Content starts

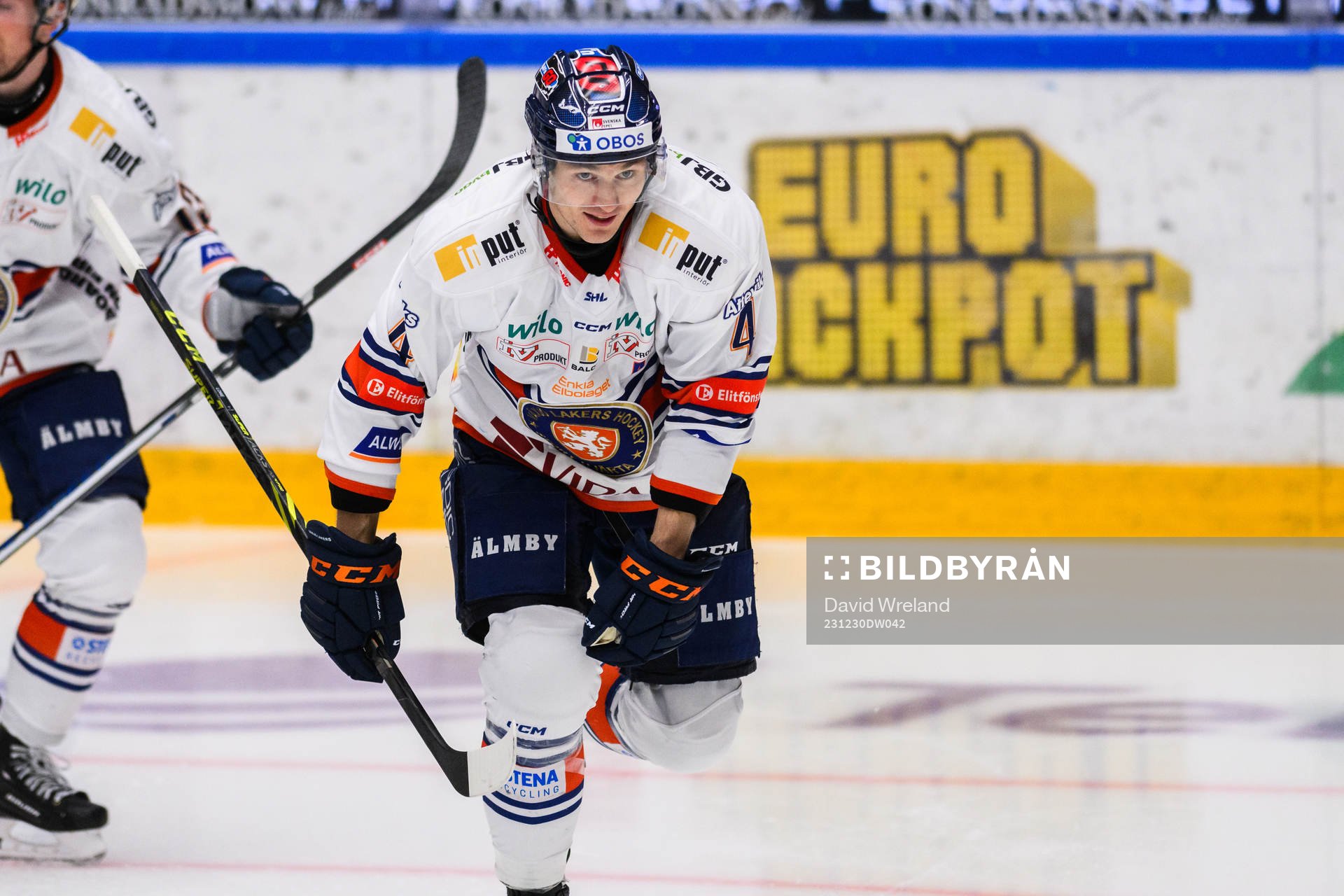 Växjös Keegan Lowe jublar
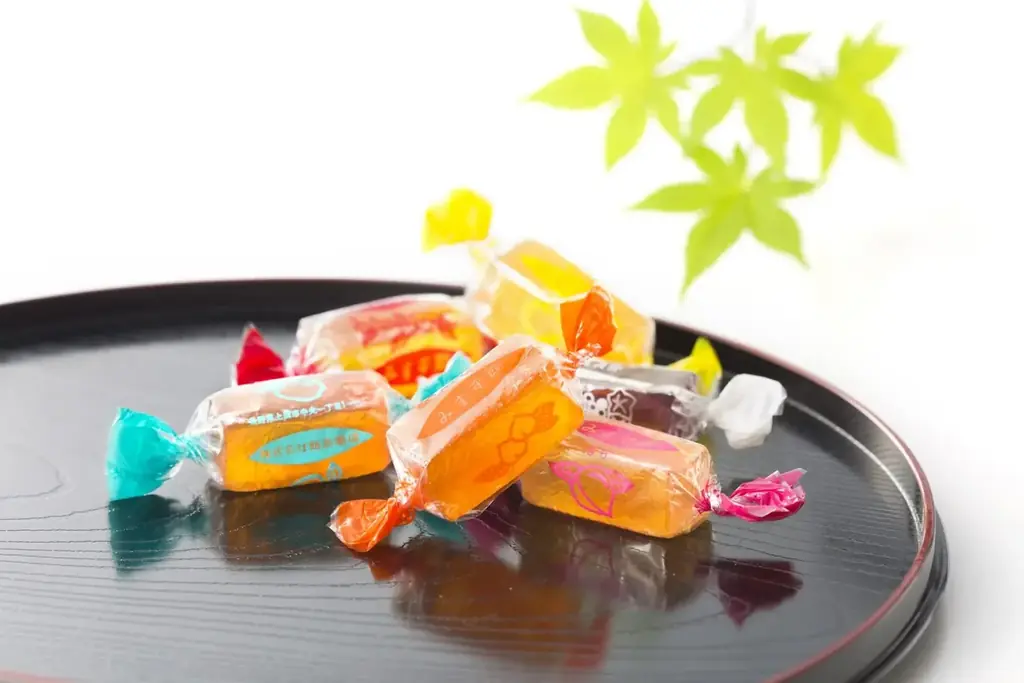 アップルパイ専門店「グラニースミス」、信州の老舗・飯島商店「みすゞ飴」との初コラボメニューを、2026年4月1日（水）より販売！ 画像 5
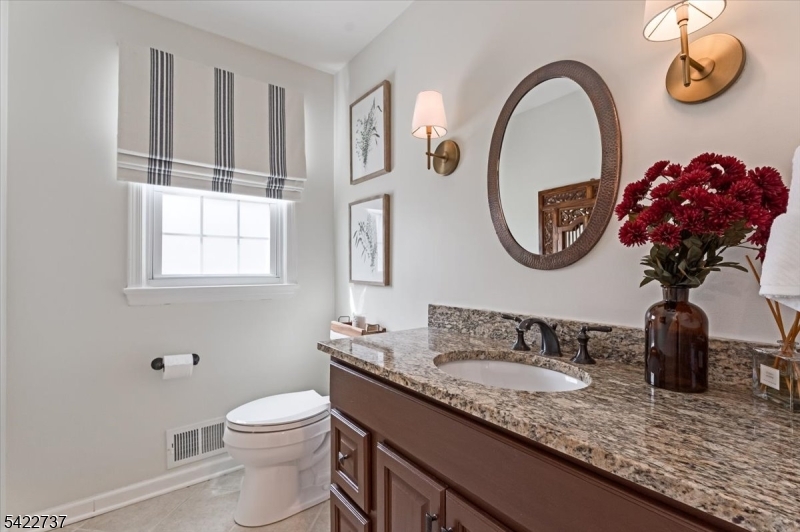 42 Dean Road Mendham, NJ 07945 - Photo 11 of 27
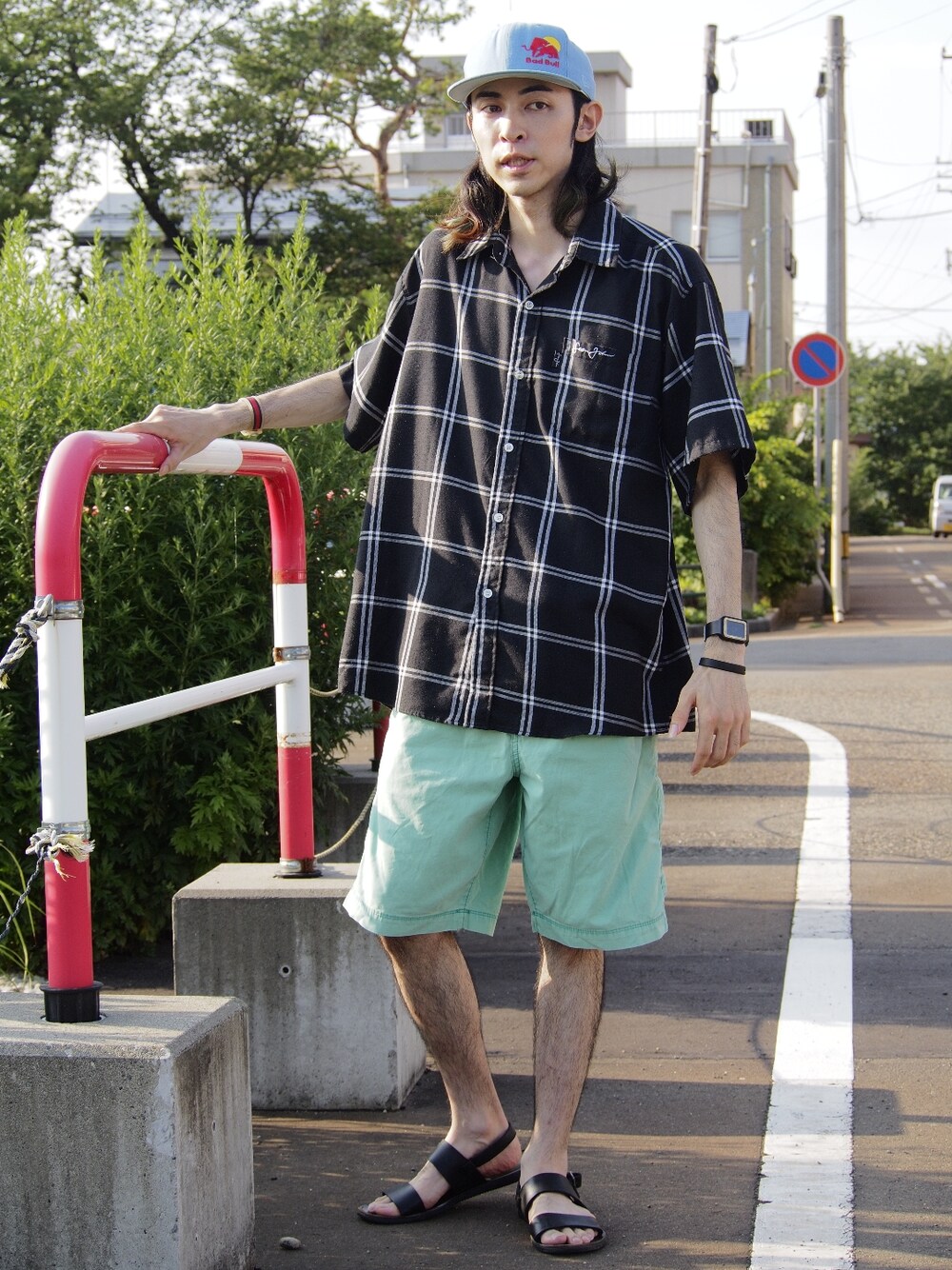グリーン系のパンツ、ブラック系のサンダル、ブラック系のシャツ/ブラウスを着用したメンズの秋コーディネートの1枚目の写真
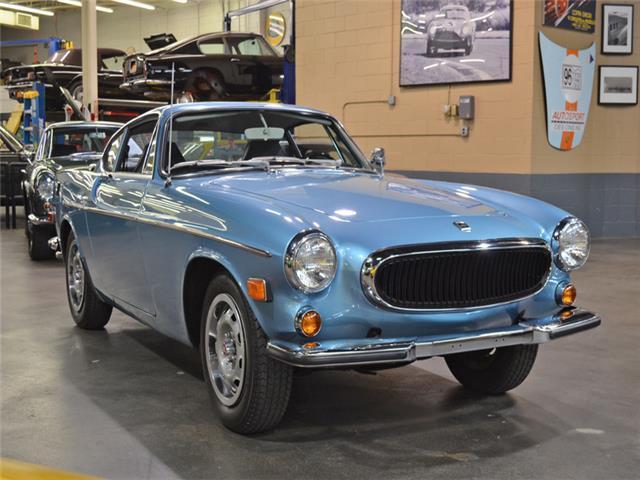 1972 Volvo P1800E --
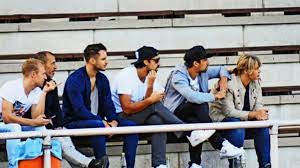 Sami khedira (born 4 april 1987) is a german footballer who plays as a central defensive midfielder for german club hertha bsc. Der Weltmeister Schaut In Fellbach Vorbei Sami Khedira Bringt Nebensitzer Zum Lachen Rems Murr Kreis Stuttgarter Nachrichten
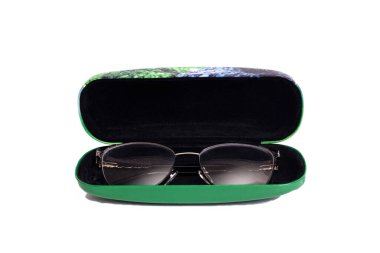 Beyaz arkaplanda izole edilmiş gözlüklü dosya kapat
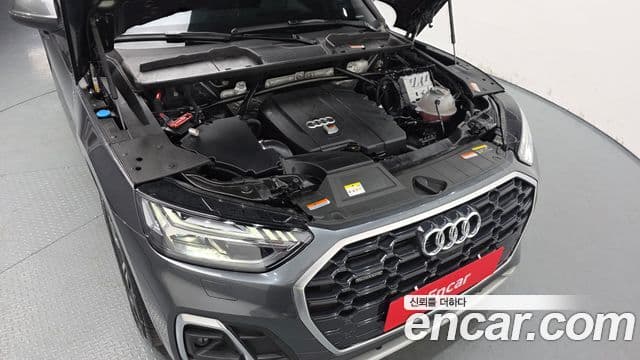 Audi Q5 2021 — ფოტო 6/20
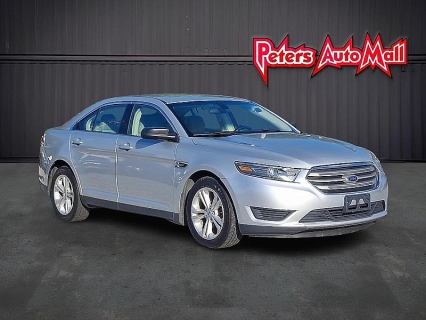 2017 Ford Taurus SE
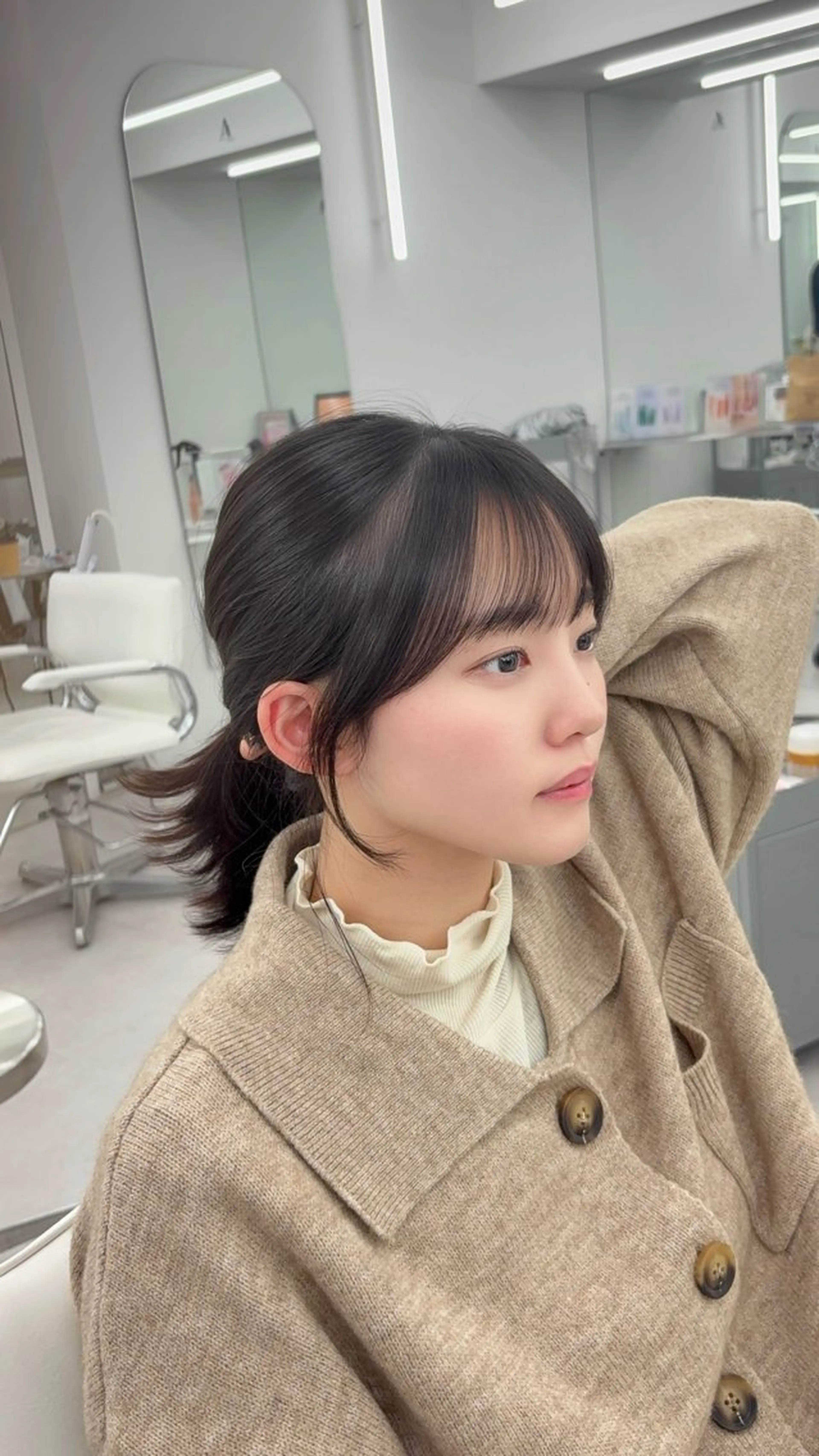 ミディアム カラー レイヤーカット 小顔カット カット ヘアカラー トリートメント 韓国ヘア/レイヤー/ 顔まわり足立遥奈のヘアスタイル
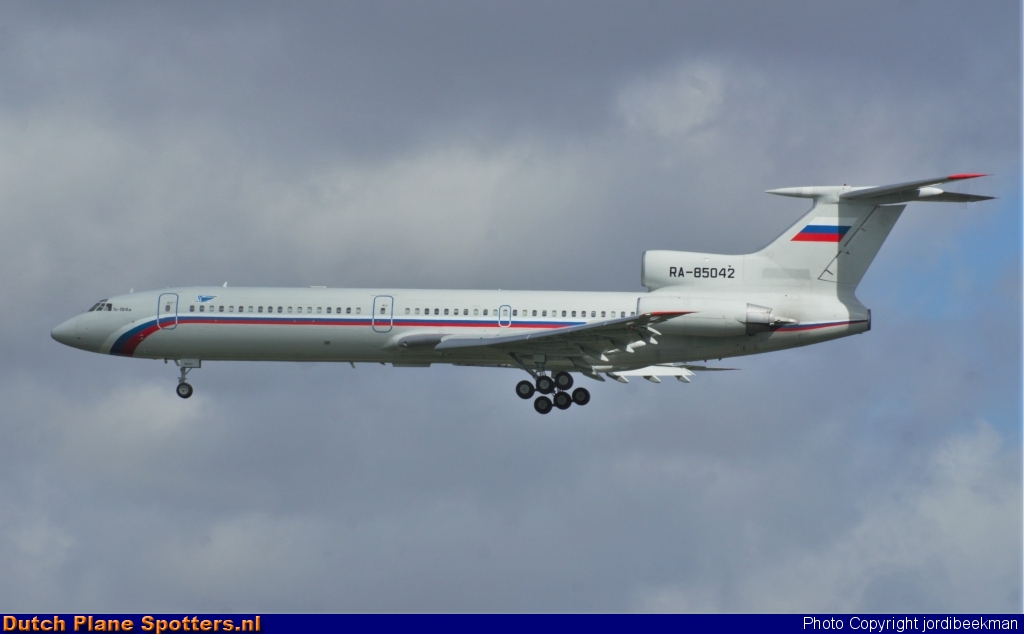 RA-85042 Tupolev Tu-154 MIL - Russian Air Force by jordibeekman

Content ends

→ TO DO
Would you output only the span of the records above that opens with the line containing "42 Dean Road" and closes with the line containing "Sami khedira (born", ends included and pictures dropped?

→ THE ANSWER
 42 Dean Road Mendham, NJ 07945 - Photo 11 of 27
グリーン系のパンツ、ブラック系のサンダル、ブラック系のシャツ/ブラウスを着用したメンズの秋コーディネートの1枚目の写真
 1972 Volvo P1800E --
 Sami khedira (born 4 april 1987) is a german footballer who plays as a central defensive midfielder for german club hertha bsc. Der Weltmeister Schaut In Fellbach Vorbei Sami Khedira Bringt Nebensitzer Zum Lachen Rems Murr Kreis Stuttgarter Nachrichten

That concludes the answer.